- TASK GOAL: Return all lines from the listing below that include the word "Sale".

- RECORDS FOR THIS EXERCISE:
▬▬▬▬▬▬
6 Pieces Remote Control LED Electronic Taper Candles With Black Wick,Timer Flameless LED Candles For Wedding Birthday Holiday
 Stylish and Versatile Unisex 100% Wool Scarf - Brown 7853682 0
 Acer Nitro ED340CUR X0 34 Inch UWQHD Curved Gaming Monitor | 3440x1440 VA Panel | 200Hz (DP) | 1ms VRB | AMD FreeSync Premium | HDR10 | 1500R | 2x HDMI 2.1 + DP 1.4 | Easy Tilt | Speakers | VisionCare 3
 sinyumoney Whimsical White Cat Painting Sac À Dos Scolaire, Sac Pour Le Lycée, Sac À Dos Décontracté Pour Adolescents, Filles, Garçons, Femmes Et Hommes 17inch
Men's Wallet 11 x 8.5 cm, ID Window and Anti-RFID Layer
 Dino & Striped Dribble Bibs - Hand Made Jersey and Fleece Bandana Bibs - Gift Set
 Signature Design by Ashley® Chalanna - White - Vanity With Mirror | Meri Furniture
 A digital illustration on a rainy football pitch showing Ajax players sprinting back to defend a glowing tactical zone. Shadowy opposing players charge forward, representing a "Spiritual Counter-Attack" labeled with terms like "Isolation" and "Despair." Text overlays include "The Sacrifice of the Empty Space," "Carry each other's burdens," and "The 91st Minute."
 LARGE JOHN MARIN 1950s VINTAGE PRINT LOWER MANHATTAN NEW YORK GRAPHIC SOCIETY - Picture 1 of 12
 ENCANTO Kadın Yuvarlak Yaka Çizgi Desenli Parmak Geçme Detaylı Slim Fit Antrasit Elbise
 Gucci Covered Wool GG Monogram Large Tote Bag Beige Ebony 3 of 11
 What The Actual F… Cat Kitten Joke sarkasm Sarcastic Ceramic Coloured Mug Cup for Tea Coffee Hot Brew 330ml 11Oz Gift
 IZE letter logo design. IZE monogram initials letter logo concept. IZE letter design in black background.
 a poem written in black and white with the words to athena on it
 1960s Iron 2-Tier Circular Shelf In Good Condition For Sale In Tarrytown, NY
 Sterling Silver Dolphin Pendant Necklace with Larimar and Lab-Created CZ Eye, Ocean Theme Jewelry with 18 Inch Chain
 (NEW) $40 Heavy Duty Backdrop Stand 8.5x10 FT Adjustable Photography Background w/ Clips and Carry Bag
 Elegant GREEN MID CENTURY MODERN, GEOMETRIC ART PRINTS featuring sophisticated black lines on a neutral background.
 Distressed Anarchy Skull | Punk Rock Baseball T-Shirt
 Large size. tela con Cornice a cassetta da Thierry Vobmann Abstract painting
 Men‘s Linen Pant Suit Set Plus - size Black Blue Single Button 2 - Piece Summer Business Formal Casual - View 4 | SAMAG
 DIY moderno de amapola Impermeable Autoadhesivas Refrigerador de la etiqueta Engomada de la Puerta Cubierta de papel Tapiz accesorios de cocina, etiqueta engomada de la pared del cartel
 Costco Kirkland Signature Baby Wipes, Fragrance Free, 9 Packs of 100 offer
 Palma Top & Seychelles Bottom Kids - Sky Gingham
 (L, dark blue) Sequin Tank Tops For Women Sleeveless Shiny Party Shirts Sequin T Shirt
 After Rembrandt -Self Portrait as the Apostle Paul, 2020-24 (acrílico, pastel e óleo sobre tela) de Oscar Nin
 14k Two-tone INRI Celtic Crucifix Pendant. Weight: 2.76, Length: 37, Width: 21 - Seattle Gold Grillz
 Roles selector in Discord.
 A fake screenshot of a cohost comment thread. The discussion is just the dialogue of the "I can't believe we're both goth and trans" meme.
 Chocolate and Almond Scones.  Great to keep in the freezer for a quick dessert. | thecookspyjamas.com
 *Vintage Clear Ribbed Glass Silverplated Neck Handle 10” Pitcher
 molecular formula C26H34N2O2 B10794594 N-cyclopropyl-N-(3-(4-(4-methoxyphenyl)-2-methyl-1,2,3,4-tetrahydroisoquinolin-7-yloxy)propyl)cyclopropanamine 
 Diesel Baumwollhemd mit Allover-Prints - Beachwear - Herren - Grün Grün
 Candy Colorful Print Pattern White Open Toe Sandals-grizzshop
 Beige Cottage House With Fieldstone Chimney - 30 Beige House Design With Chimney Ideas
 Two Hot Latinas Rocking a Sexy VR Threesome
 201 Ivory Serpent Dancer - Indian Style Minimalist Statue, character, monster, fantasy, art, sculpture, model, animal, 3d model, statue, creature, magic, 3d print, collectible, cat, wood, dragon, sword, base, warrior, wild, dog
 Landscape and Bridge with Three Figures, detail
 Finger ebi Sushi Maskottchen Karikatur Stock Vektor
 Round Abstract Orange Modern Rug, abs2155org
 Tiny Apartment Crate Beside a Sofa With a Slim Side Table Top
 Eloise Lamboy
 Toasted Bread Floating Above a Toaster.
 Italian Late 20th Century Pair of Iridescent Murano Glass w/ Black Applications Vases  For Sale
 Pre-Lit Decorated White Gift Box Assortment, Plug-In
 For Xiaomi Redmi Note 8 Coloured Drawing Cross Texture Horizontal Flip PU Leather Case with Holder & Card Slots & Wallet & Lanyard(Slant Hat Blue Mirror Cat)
▬▬▬▬▬▬
- RESULT:
 1960s Iron 2-Tier Circular Shelf In Good Condition For Sale In Tarrytown, NY
 Italian Late 20th Century Pair of Iridescent Murano Glass w/ Black Applications Vases  For Sale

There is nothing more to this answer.